The story also described complaints that Petraeus had failed to adequately explain to the House and the Senate oversight committees why he had reduced the pace of CIA drone missile strikes in Pakistan after he took over the CIA last September.
Sen. Dianne Feinstein (D-Calif.), chair of the Senate Select Committee on Intelligence, took issue with how Petraeus was portrayed in the story.
"Nothing could be farther from the truth," Feinstein said at the start of a daylong hearing about global threats facing the United States. Seven top intelligence officials were arrayed in front of her, including Petraeus, Director of National Intelligence James R. Clapper and FBI director Robert S. Mueller III.

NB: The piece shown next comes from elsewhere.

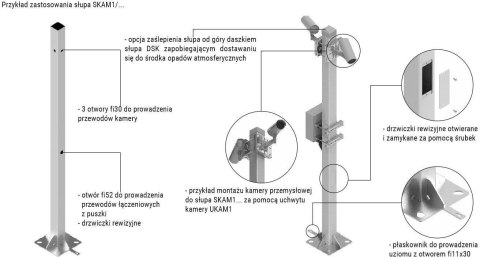 Słup ATS SKAM1/5 pod montaż kamer CCTV Słup ATS SKAM1/5 pod montaż kamer CCTV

"He [Petraeus] has upheld his obligation to keep the committee informed," Feinstein said.
"I spoke to the reporter on Friday and made clear that that has not been my experience," she said. Feinstein's comments were quoted in the story.
The ranking Republican on the committee, Sen. Saxby Chambliss (R-Ga.), concurred with Feinstein. Petraeus "has been readily available to come to the committee on a formal and informal basis," Chambliss said. "I am surprised there would be any question about that."
Petraeus thanked the senators for their support and said that in the last five months, he has worked to shorten the time between when the CIA takes a significant action and when it notifies members Congress.
"Thank you for your comments on the agency's efforts to keep the committee fully informed. We have worked to be accessible, and I think the facts reflect that," Petraeus said.